*Work instruction:* Once the images are set aside, output the listing exactly as it stands.

*Recorded data:*
....

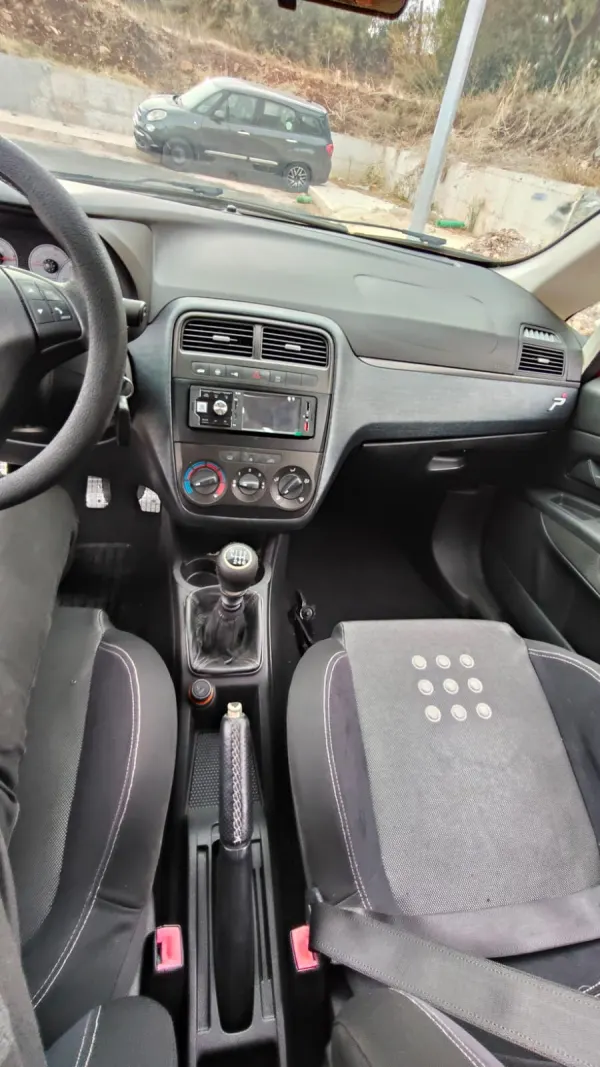 Fiat Grande Punto 11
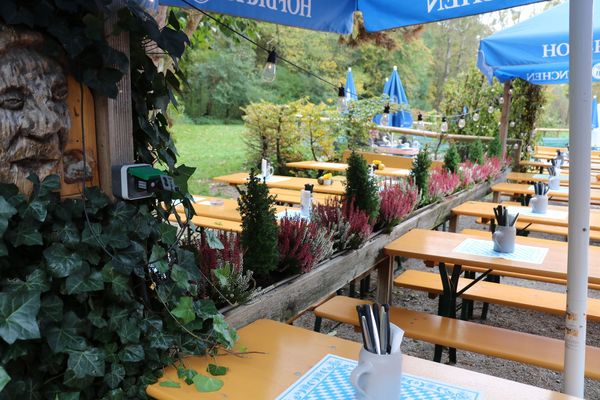 Kirchweih am Mini-Hofbräuhaus im Englischen Garten mit der Kindertafel Kirchweih am Mini-Hofbräuhaus im Englischen Garten mit der Kindertafel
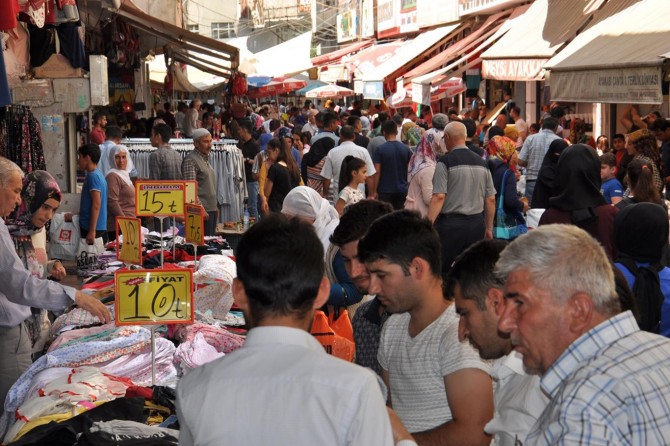 Bayram bereketi esnafın yüzünü güldürdü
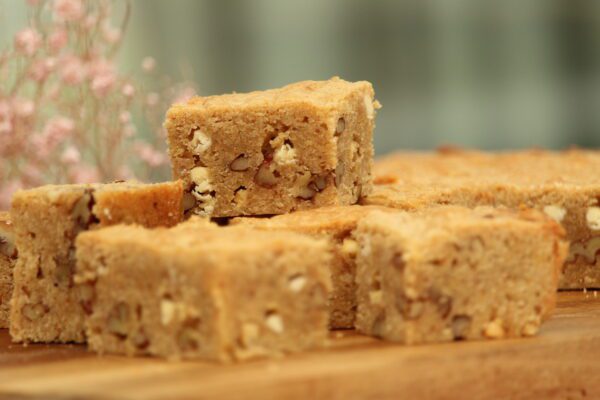 Speculaas blondies met bruine boter, maple en witte chocolade Speculaas blondies met bruine boter, maple en witte chocolade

....

*Your solution:*
 Fiat Grande Punto 11
 Kirchweih am Mini-Hofbräuhaus im Englischen Garten mit der Kindertafel Kirchweih am Mini-Hofbräuhaus im Englischen Garten mit der Kindertafel
 Bayram bereketi esnafın yüzünü güldürdü
 Speculaas blondies met bruine boter, maple en witte chocolade Speculaas blondies met bruine boter, maple en witte chocolade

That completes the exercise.